## Assignment
Give every entry below again, exactly as written, and skip the images.

## Supplied data
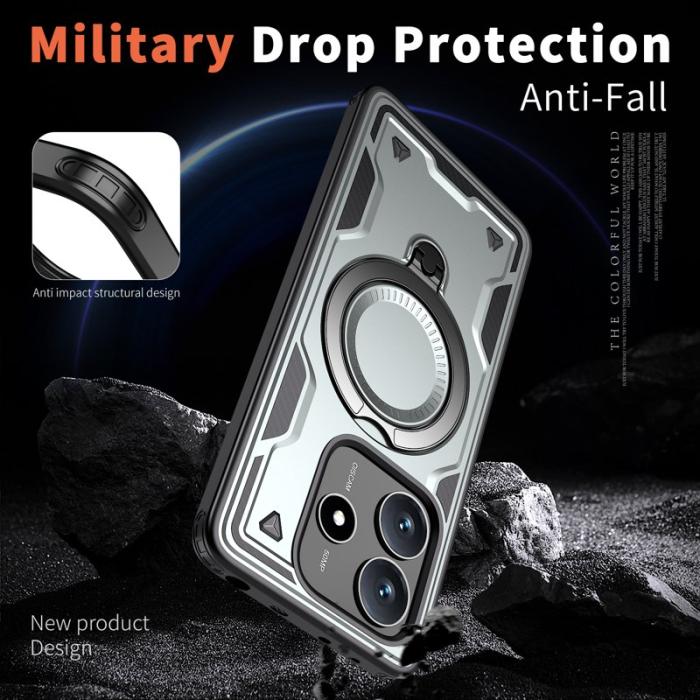 N/A - Xiaomi Redmi Note 14 5G Skal Plast Militärt Skydd - Grå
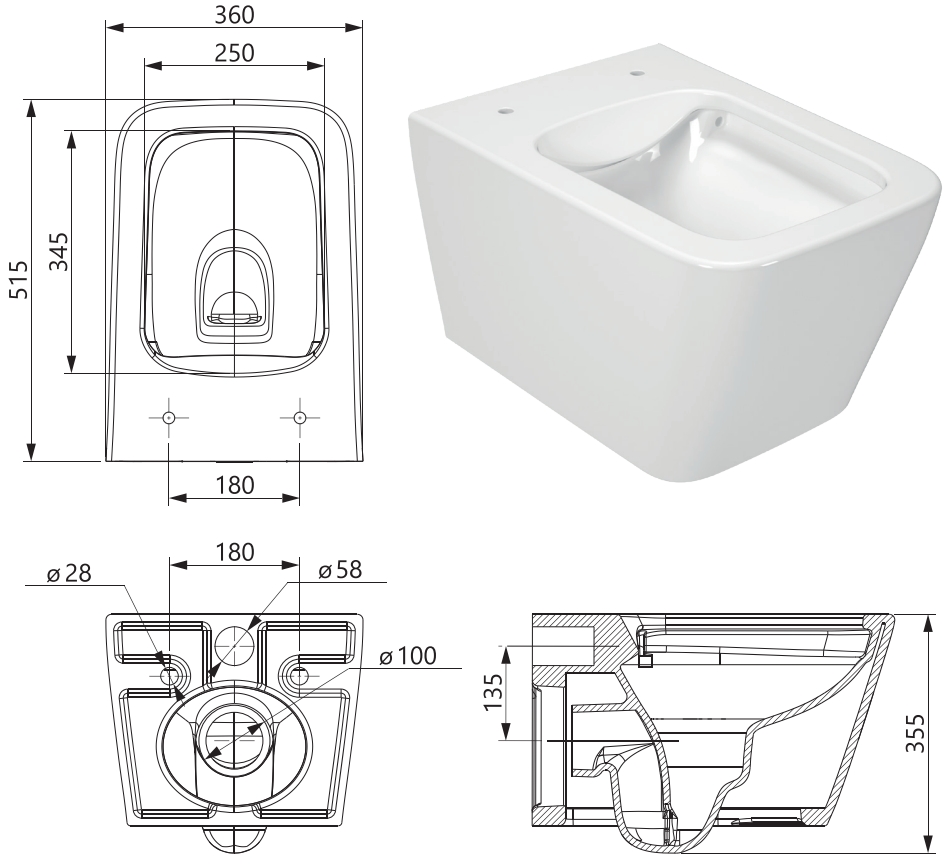 Ravak WC Solar RimOff (X01928) Габаритные размеры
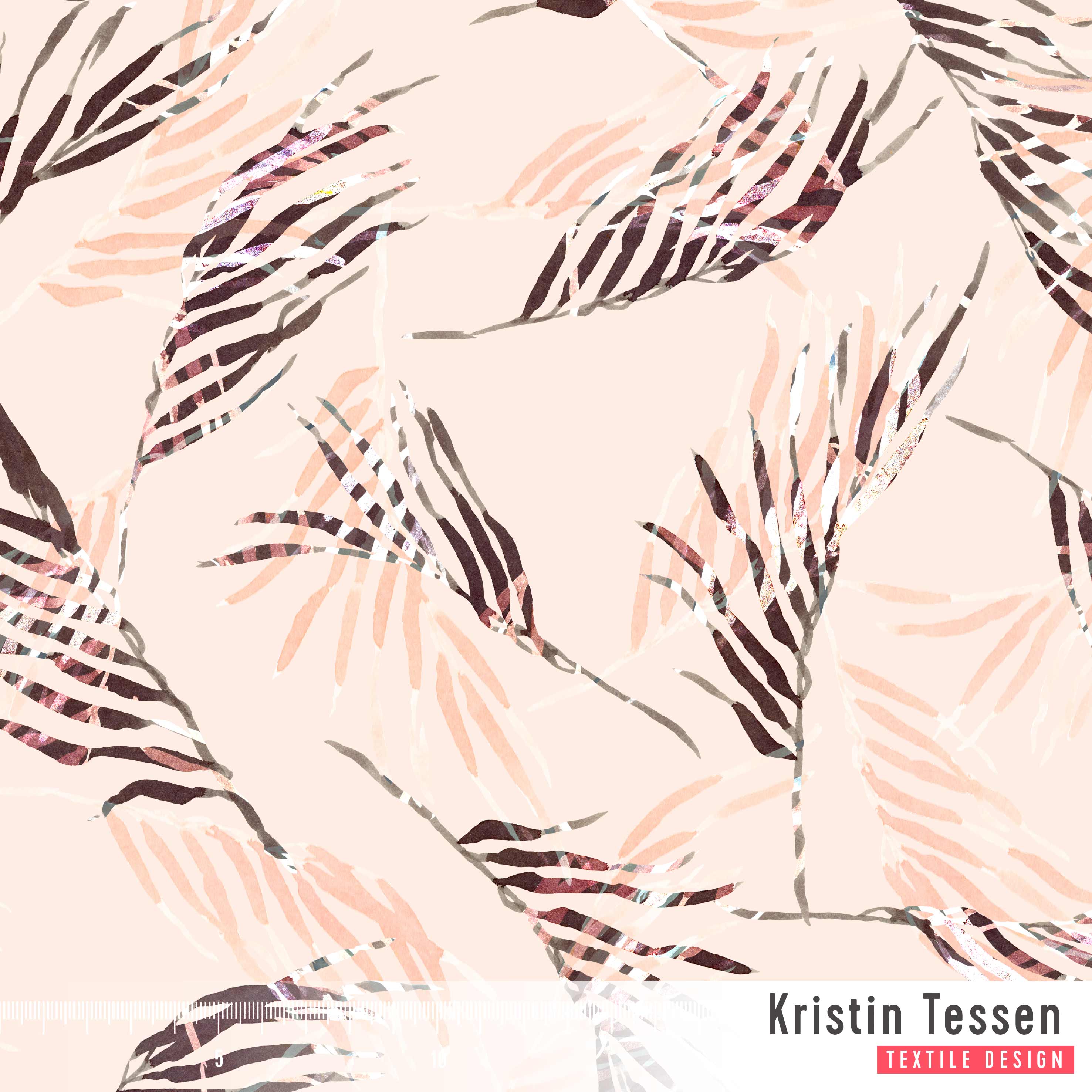 Bio Stoff - Palmenwedel Hell von Kristin Tessen in rosa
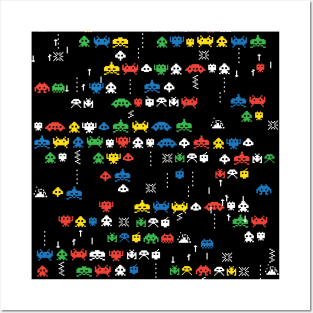 Retro Video Game Space Invaders Arcade Geek BoomBoomInk Posters and Art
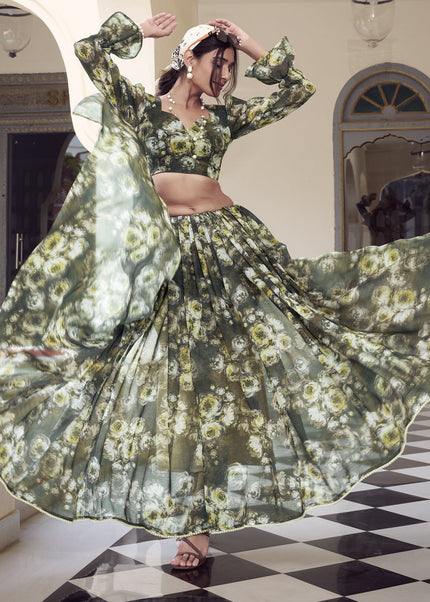 Dark Green Floral Printed and Embroidered Saree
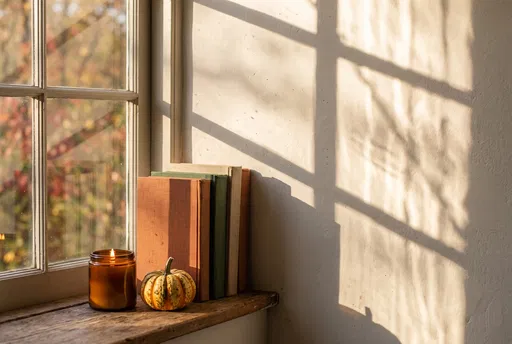 Cozy Autumn Windowsill With Candle and Books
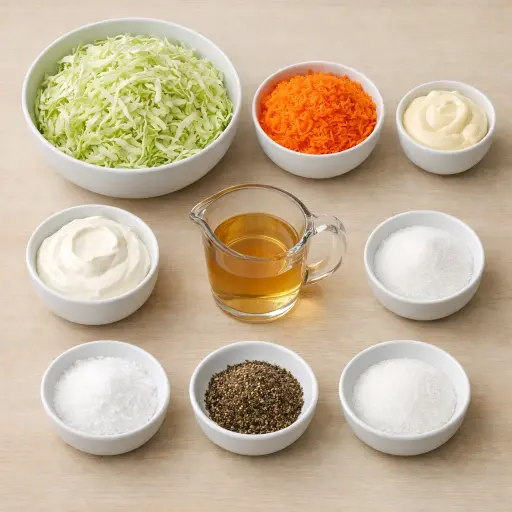 Ingredients for Timeless Homestyle Coleslaw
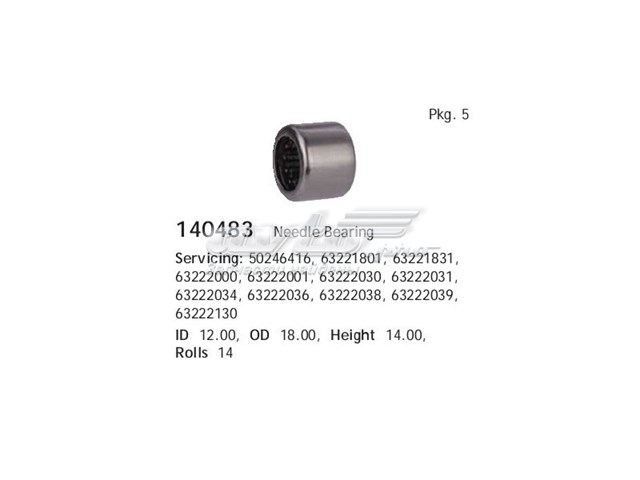 Підшипник стартера Cargo 140483 ціна, від 1.84 USD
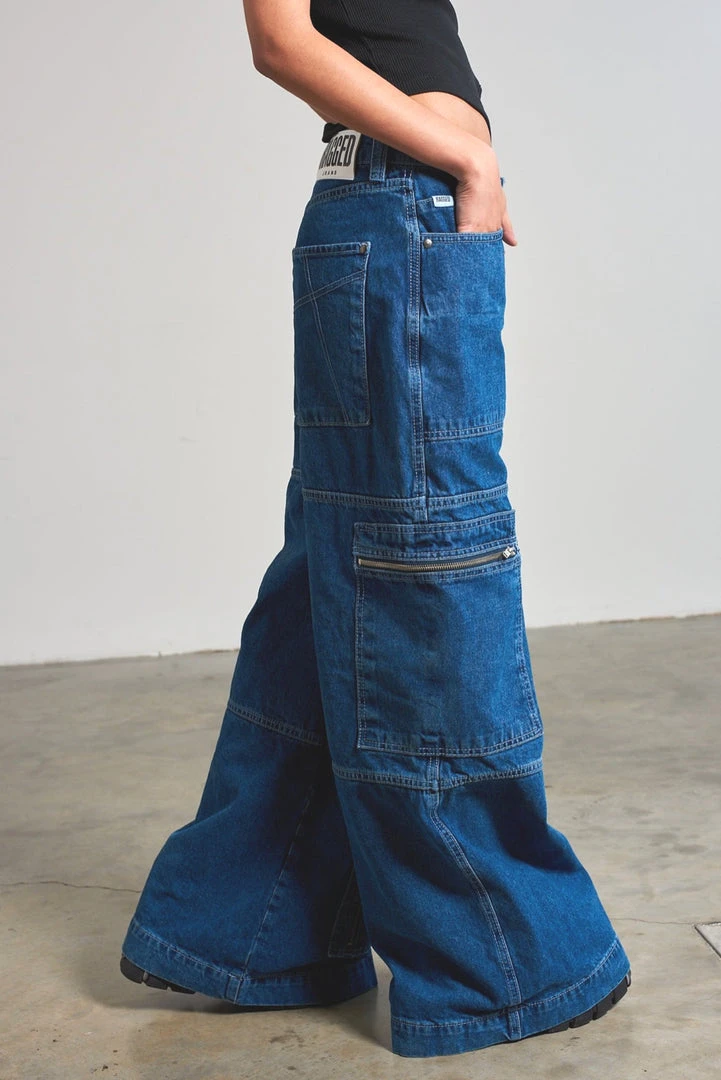 The Ragged Priest WOMEN'S Zip Sweeper Jean - Blue 5 The Ragged Priest WOMEN'S Zip Sweeper Jean - Blue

## Result
 N/A - Xiaomi Redmi Note 14 5G Skal Plast Militärt Skydd - Grå
 Ravak WC Solar RimOff (X01928) Габаритные размеры
 Bio Stoff - Palmenwedel Hell von Kristin Tessen in rosa
 Retro Video Game Space Invaders Arcade Geek BoomBoomInk Posters and Art
 Dark Green Floral Printed and Embroidered Saree
 Cozy Autumn Windowsill With Candle and Books
 Ingredients for Timeless Homestyle Coleslaw
 Підшипник стартера Cargo 140483 ціна, від 1.84 USD
 The Ragged Priest WOMEN'S Zip Sweeper Jean - Blue 5 The Ragged Priest WOMEN'S Zip Sweeper Jean - Blue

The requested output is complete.